Graff Artists Ripped Off on Designer Fashion Site
Designer flash sale website, Gilt, is bringing street art into the home with their latest collection “Fluorescent Palace.” In the product shots, the prints are prominently featured in modern, fashionable homes – and with no credit given to the array of graffiti artists whose signature tags are appropriated in the pieces.
The above print “Read It in The News Pink” borrows from French graffiti artist, Zevs. The prominent Parisian tagger is well known for his “liquidated logos” – among them Chanel, Louis Vuitton, McDonald’s, and Coca-Cola. The print below, “Louis on the Wall Reverse,” features another liquidated logo, this time collaged over the tags of André Pierre Charles and Vescr. Paradoxically, Gilt’s appropriation brings Zevs work back into the realm of high fashion and commercialism – which is just why he appropriated the logos in the first place.

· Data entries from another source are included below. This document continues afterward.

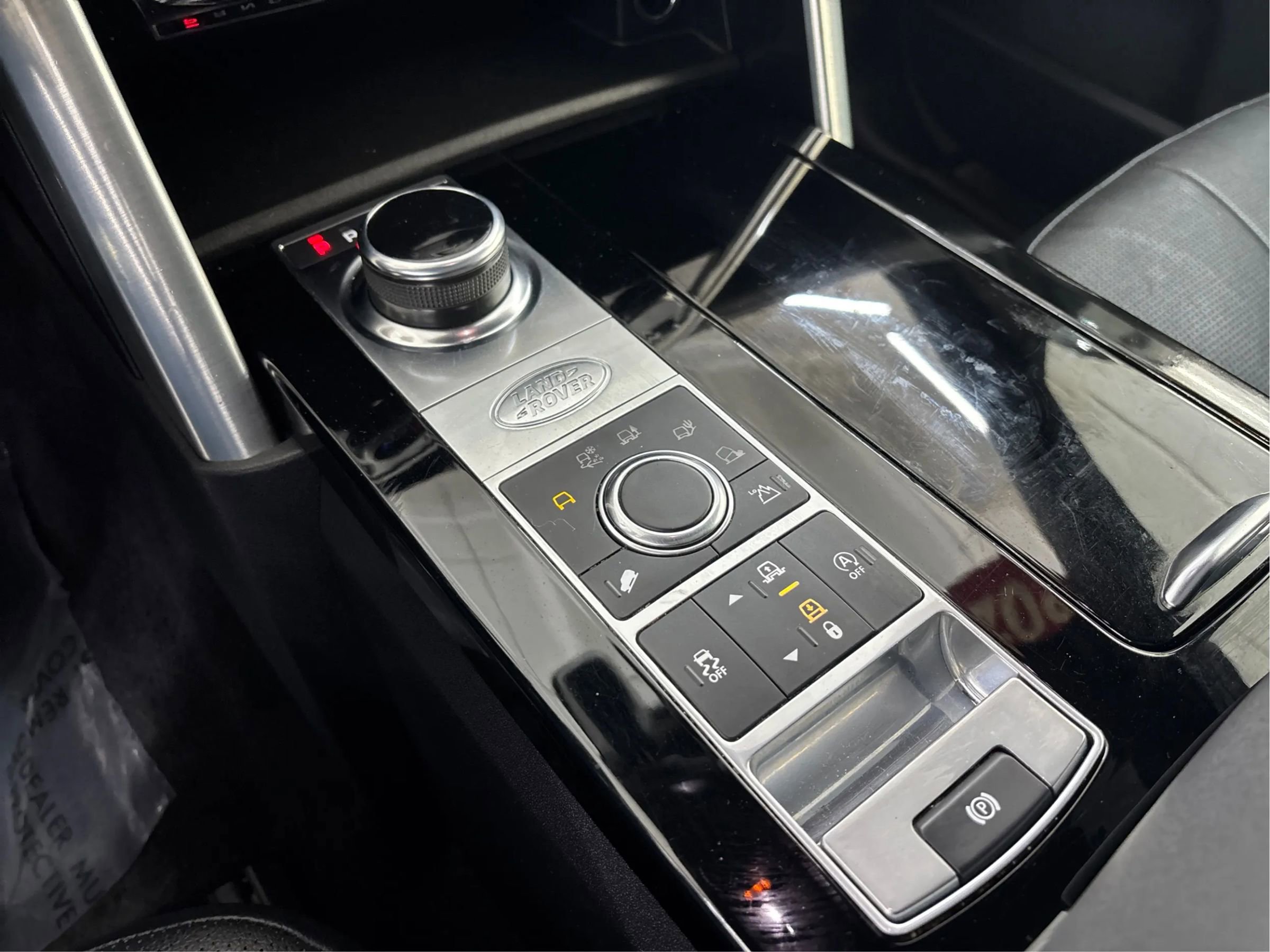 Used 2020 Land Rover Discovery HSE image 48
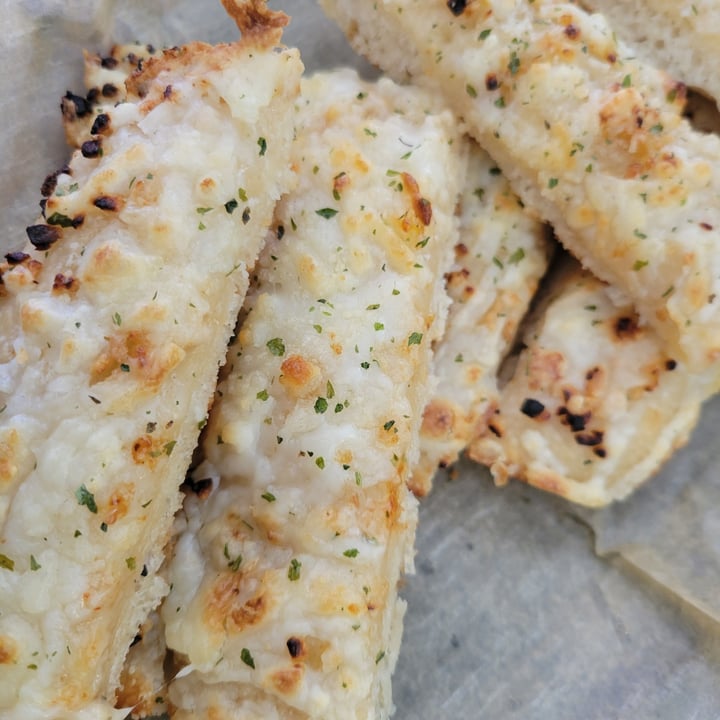 photo of 4th & State Cheesy Garlic Bread Appetizer shared by @thuggishalien on  26 Nov 2023 - review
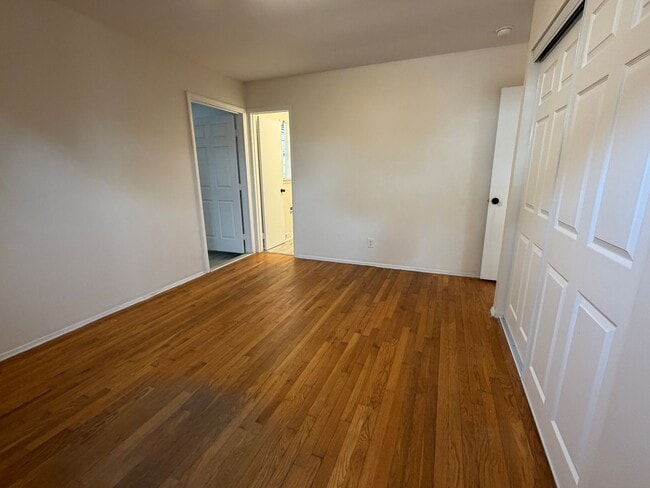 Building Photo - Large Home suitable for Residence or Business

A similar sort of appropriation happens with “Adrenachrome,” a print featuring a Sever tag layered with an Instagram-esque photo and gradient (see below). This isn’t the first time Sever’s work has been sampled without consent: Fab 5 Freddy used portions of Sever’s tags in his paintings. Another print, “Graffiti Alley,” uses a photograph of artist Jeff Soto’s mural that was originally painted on the exterior of Eyebeam Gallery in Chelsea.
The references don’t stop there. “Warhol Monument NYC” (below) features the work of Rob Pruitt, the sculptor who created the Andy Warhol statue in Manhattan’s Union Square.
Borrowing excessively from street artists, these prints make commercial the tags and art that was intended to be a very critique on commercialism. This summer, Gilt reproduced a series of Banksy canvas prints that called into question property rights, artist intent, and the concept of “selling out” – the latter of which Banksy was accused of because of this mass-production of his work. The company describes this current collection as having a “Technicolor quality that gives the stylish subjects they capture – like graffiti-splattered fashion logos – a presence that is hyperbolic and subversive at once.” Seems a little subversive to mass-produce the work of graffiti artists and give no credit where credit is due.